Quantum entanglement of localized excited states at finite temperature
Pawel Caputa (Nordita, KTH Royal Institute of Technology and Stockholm University, Roslagstullsbacken 23, SE-106 91, Stockholm, Sweden, Yukawa Institute for Theoretical Physics (YITP), Kyoto University, Kyoto, 606-8502, Japan); Joan Simón (School of Mathematics and Maxwell Institute for Mathematical Sciences, University of Edinburgh, King’s Buildings, Edinburgh, EH9 3FD, U.K.); Andrius Štikonas (School of Mathematics and Maxwell Institute for Mathematical Sciences, University of Edinburgh, King’s Buildings, Edinburgh, EH9 3FD, U.K.); Tadashi Takayanagi (Yukawa Institute for Theoretical Physics (YITP), Kyoto University, Kyoto, 606-8502, Japan, Kavli Institute for the Physics and Mathematics of the Universe (Kavli IPMU), University of Tokyo, Kashiwa, Chiba, 277-8582, Japan)
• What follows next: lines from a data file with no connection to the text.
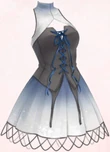 Dreamlike Stars (Dress)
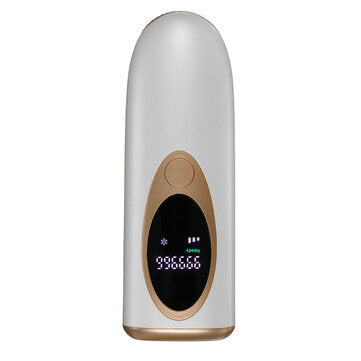 999999 Flashing IPL Laser Hair Removal Device 5 Levels Painless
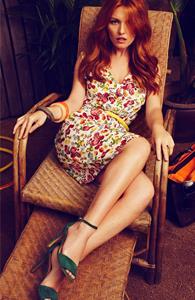 Joséphine De La Baume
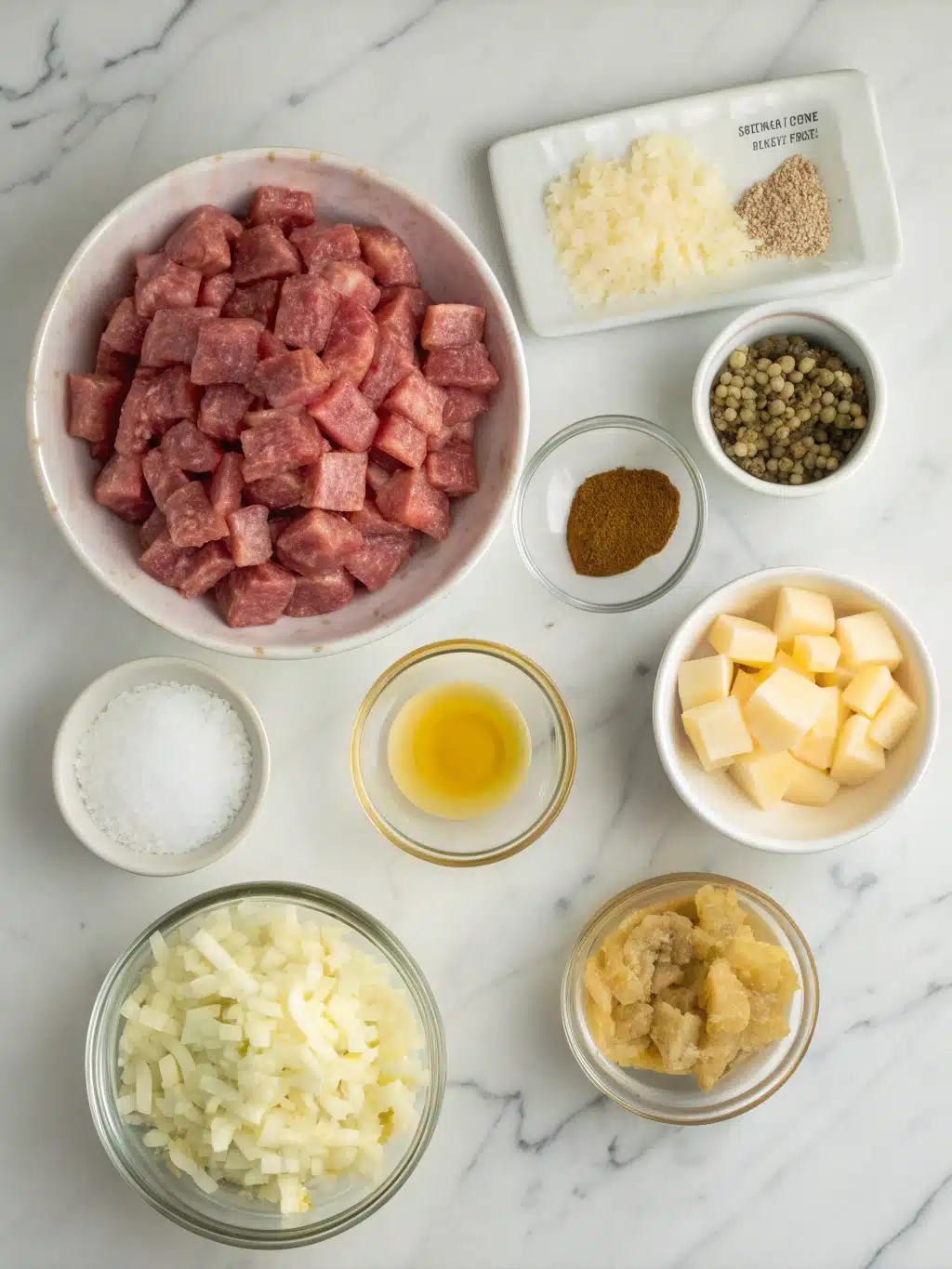 Overnight Sausage & Hashbrown Casserole 2 overnight sausage hashbrown casserole ingredients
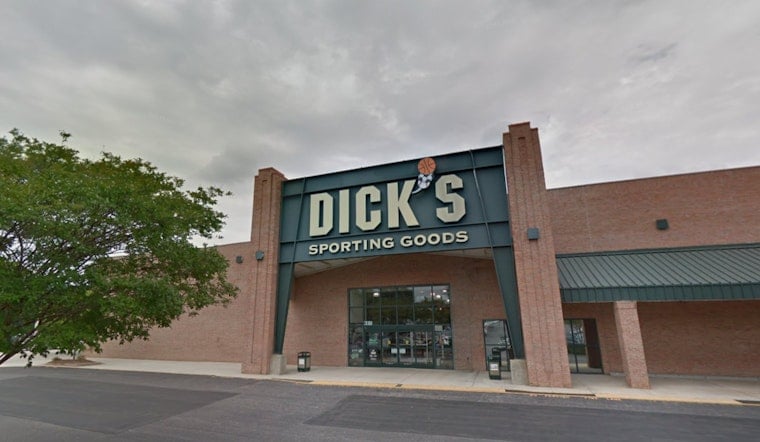 Cup-Crazed Cary Dads Pack Dick's To Meet Canes Star Seth Jarvis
In this work we study the time evolutions of (Renyi) entanglement entropy of locally excited states in two dimensional conformal field theories (CFTs) at finite temperature. We consider excited states created by acting with local operators on thermal states and give both field theoretic and holographic calculations. In free field CFTs, we find that the growth of Renyi entanglement entropy at finite temperature is reduced compared to the zero temperature result by a small quantity proportional to the width of the localized excitations. On the other hand, in finite temperature CFTs with classical gravity duals, we find that the entanglement entropy approaches a characteristic value at late time. This behaviour does not occur at zero temperature. We also study the mutual information between the two CFTs in the thermofield double (TFD) formulation and give physical interpretations of our results.